This is no easy task for a service system that relies on segregated facilities. The context is that only 21 to 23% of people served in day services are currently employed in the community. A good number of those individuals are in group employment settings such as enclaves and crews. Most individuals with disabilities of working age find themselves in sheltered workshops, or non-work community day programs.
In addition, there remains a steady reliance on sub-minimum wages in both sheltered workshop placements as well as in some supported employment services.
For EF to succeed, it must not only change expectations about individuals with disabilities and employment; it must fulfill those expectations with results. The devil is in defining what those outcomes should look like. Having now worked in numerous states and provinces struggling with implementing or beginning an EF approach to services, here are some priorities about what success should look like, and how to overcome some of the obstacles traditional services present:
Goals
It is not enough to measure the number of new placements made since implementing EF. You also must expect a decline in facility-based workshops and non-work programs at the same time. Ultimately, systems change should be reflected in a greater ratio of people in individualized integrated work versus workshop/non-work programs. Citing greater numbers of placements has little meaning when the numbers served in the day system itself are growing, sometimes at a greater rate than the rate of increase in employment.
Using sub-minimum wage to solve productivity issues in employment is unnecessary and a shortcut that avoids using better job matching, accommodation, training and other support strategies. It also has been shown to open people up to exploitation, and causes a continuation of impoverishing already marginalized people.
Letting young people and others enter an obsolete system that has caused a movement toward EF is unconscionable. In public policy, one should never needlessly inflate a system you are trying to devolve.
Overcoming Obstacles
Having people re-enter a facility perpetuates a continued reliance on segregated services during non-work or non-employment periods, when the focus should be on re-employment, community job skill training, career development or seeking greater hours.
Without ending workshop referrals, workshops will continue to segregate and serve individuals needlessly, despite clear evidence of poorer outcomes for the individual and lower cost-benefits to the taxpayer.

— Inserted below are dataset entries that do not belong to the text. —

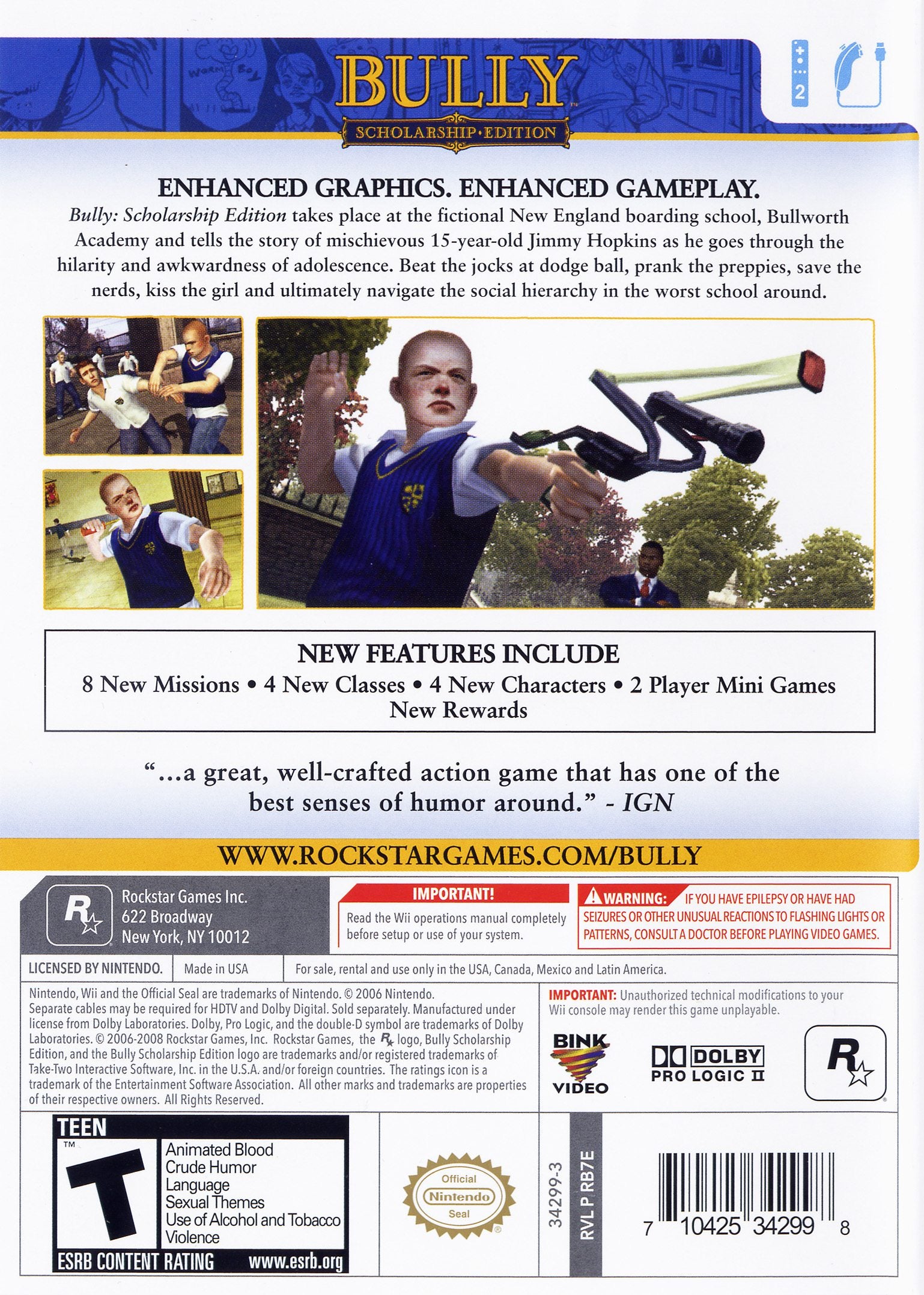 Bully: Scholarship Edition Wii - Video Game - Used - CaveGamers - Image 2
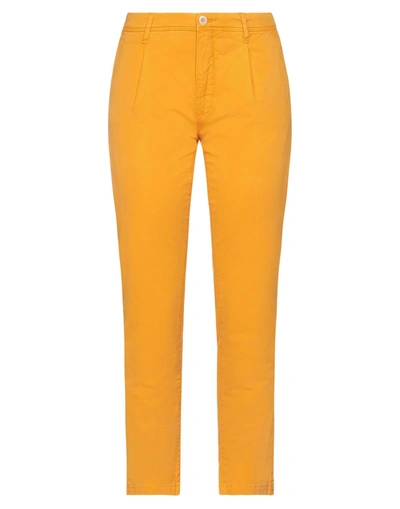 Shop Siviglia White Woman Pants Apricot Size 29 Cotton, Elastane In Orange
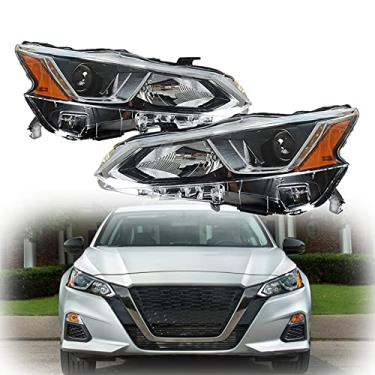 Imagem de munirater Substituição do conjunto de faróis cromados do lado do motorista e do passageiro para Nissan Altima 2019 2020, substitui faróis de halogênio sem LED (pacote com 2)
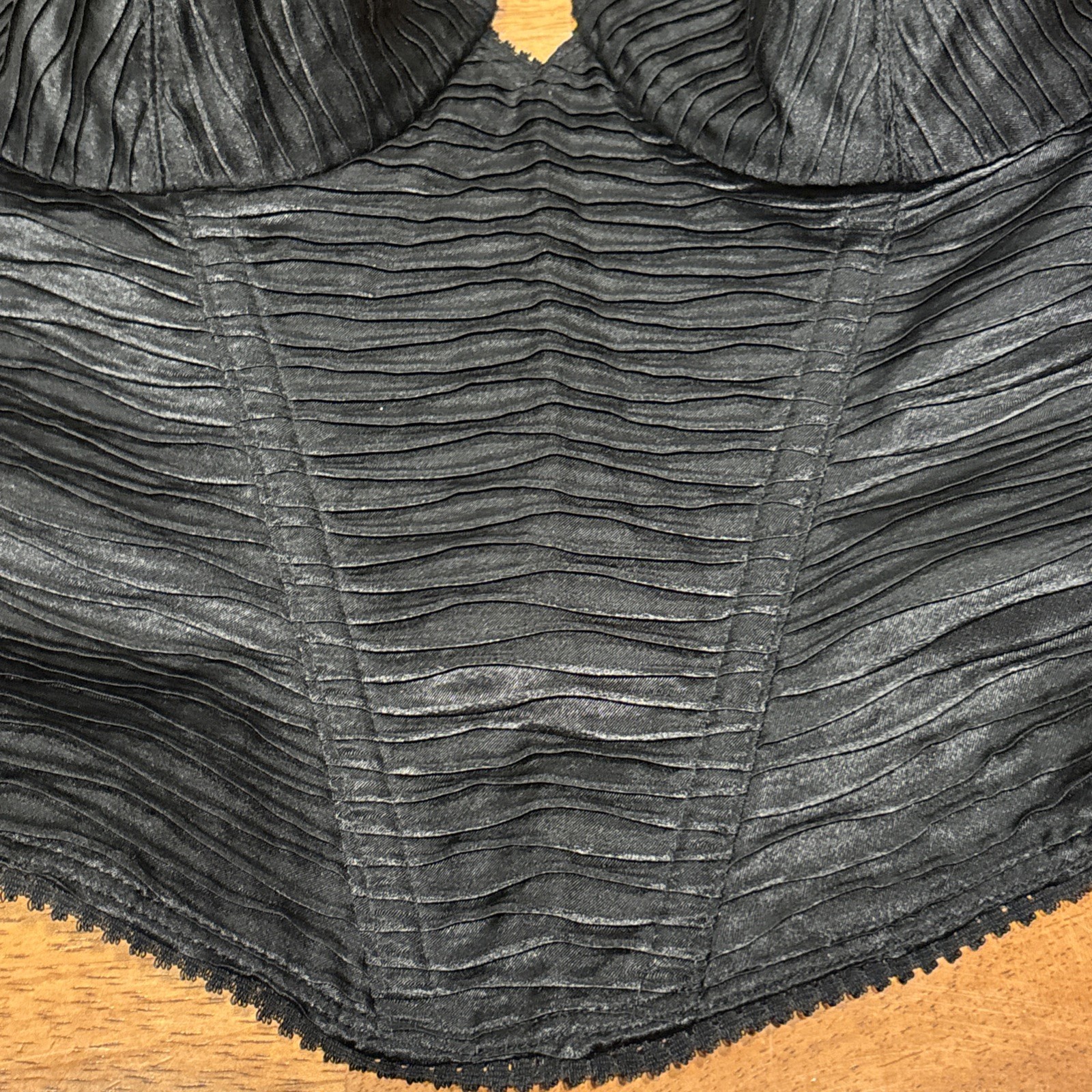 Vintage Lily Of France Black Bustier Corset By Dolores Bra Style Size 36B Cups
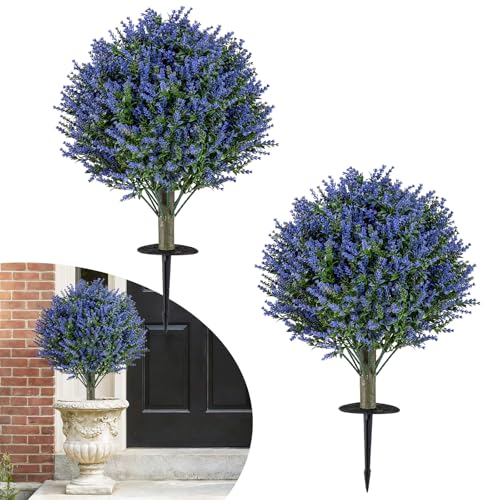Goplus Set of 2 Artificial Lavender Topiary Ball Trees, 24” Faux Shrub Bushes with Ground Spikes, Sun-Proof Indoor Outdoor Fake Evergreen Plants for Porch, Garden, Yard, Home Decoration - color: Lavender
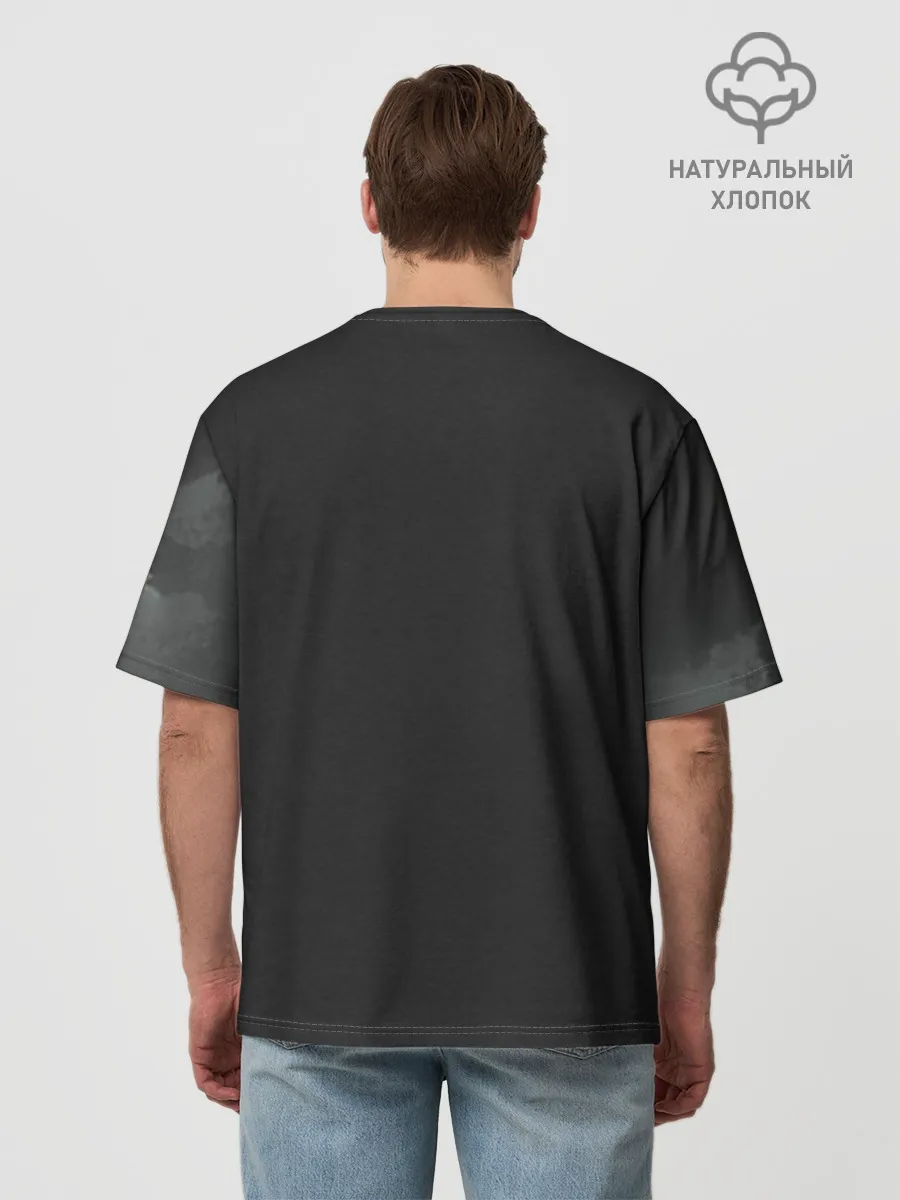 Мужская футболка оверсайз хлопок / Лошадь угли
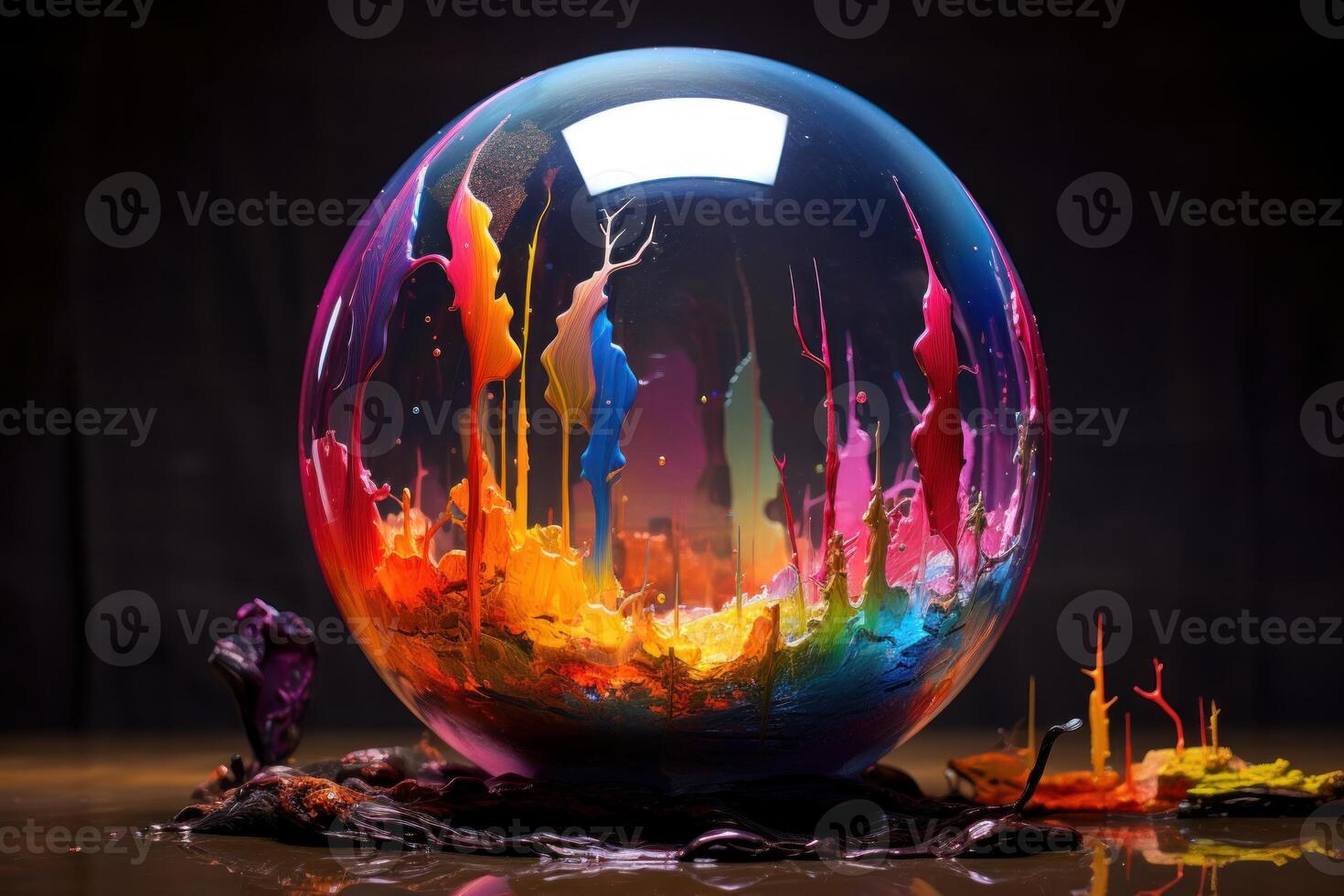 AI generated Dimensional Paint glob 3d art. Generate Ai photo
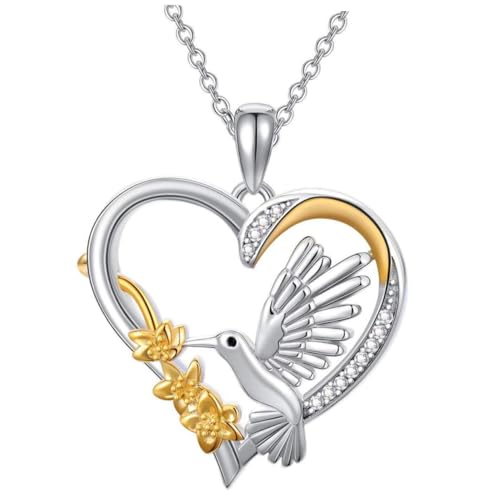 Gatuida Herz Anhänger Halskette mit Kleinem Vogel Charm Vergoldete Kette für Damen Zarte Clavicle Kette Elegantes zu Geburtstag und Valentinstag von Gatuida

When you define the problem as simply closing workshops, you end up with a lot of people volunteering, shopping or hanging out. This is neither the goal nor a solution to segregated employment.
~
EF has caused great fanfare in many places, and we have seen a number of pronouncements and proclamations. But will we see the system actually change its outcomes? Let me know what you are seeing in your part of the world. Let’s not be disappointed with the opportunity EF represents…
Lane 56
We are experiencing movement. Our ATE is closing and that will demand community integration. People are getting jobs but it happens slowly. Some people are volunteering but for them it is their first exposure and as long as we don’t let that stop them from moving into real jobs I see no harm in it. We have to keep the movement going! We celebrated with some 6 month employees and one who has worked over a year.